Ah, aku terjebak dalam kondisi tidak enak ini. Kedua orangtua dan bibiku enak-enak saja meninggalkanku dengan Elliott, sepupuku yang baru berusia 6 tahun. Kata bibiku, dia bukan anak yang suka merujuk tanpa alasan. Tapi dia tidak suka dimarahi.
Elliott mengambil sebuah kotak dari kamarnya. "Ayo kakak! Liat puzzle baru ini. Aku susun ya," katanya. Aku hanya melihat ia menyusun puzzle berukuran 4×5. Bukan sesuatu yang sulit, bahkan untuk anak seusianya. "Kakak lihat gambarnya! Aku sudah selesai." Puzzle bergambar sebuah boneka beruang itu benar-benar sederhana. Elliott kemudian mengambil sebuah puzzle lagi yang lebih besar.
Daripada hanya melihatnya, lebih baik aku main saja dengan ponselku. Aku memang ke sini tidak semata-mata ingin menjaga Elliott, tetapi ingin menghindari janji dengan teman. Bayangkan saja, ia tiba-tiba menjauhiku dan hanya datang kalau butuh bantuan. Kali ini temanku ingin mengajakku bermain skateboard. Aku jamin ia hanya ingin meminjam skateboardku dan membagikan fotonya di media sosial untuk mendulang popularitas. Memang parasit.
"Kakak, kakak bosan ya di sini?" tanya Elliott yang tentu saja agak mengagetkanku.
"Eh, tidak kok Elliott. Kamu main saja," jawabku.
Elliott menarik tanganku, memintaku mendekat. "Kakak ada di rumahku. Aku tidak mau ada yang bosan di sini." Ia mengeluarkan puzzlenya yang paling bawah. Sepertinya agak rumit, ukurannya lebih dari 10×10. "Kak, aku selalu lama menyelesaikan yang ini. Bantu aku ya kak?" ucap Elliott dengan wajah memohon.
Karena tak tahan dengan wajah itu, aku membantunya. Wajah memelas Elliott benar-benar lucu. Aku tersenyum-senyum sendiri saat melihat wajahnya itu.

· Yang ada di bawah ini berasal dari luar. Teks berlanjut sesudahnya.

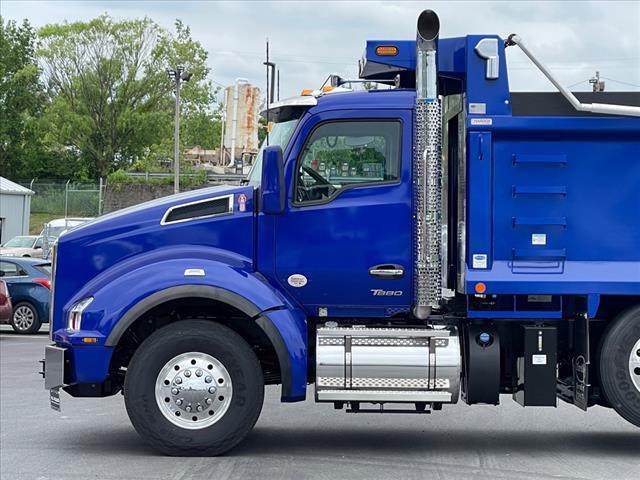 2025 Kenworth T880 Dump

Puzzle Elliott kali ini tak semudah yang aku kira. Perlu waktu lebih dari 5 menit untuk menyelesaikannya. Tapi sekarang, sebuah gambar pemandangan indah telah terbentuk di depanku.
"Kakak lihat, Gunung Fuji! Bagus ya," kata Elliott.
"Iya bagus," jawabku singkat.
"Ayah...." Elliott mulai kehilangan senyumnya, "Sebelum meninggal ayah sering bilang kita akan liburan ke sini."
Elliott mulai menangis. "Elliott, sudah-sudah," ucapku mencoba menenangkan.
Elliott menatapku. "Tidak apa-apa kakak. Nanti aku yang akan mengajak ibu ke sana," ucapnya sambil tersenyum.
Sore hari jam 3, bibiku pulang bersama orangtuaku. Setelah berpamitan aku pulang bersama orangtuaku ke rumah. Sepanjang perjalanan aku memikirkan Elliott. Sungguh sulit rasanya berada di posisinya, tapi ia tetap kuat. Sekarang aku hanya duduk sambil memikirkan rencanaku tentang temanku yang lain.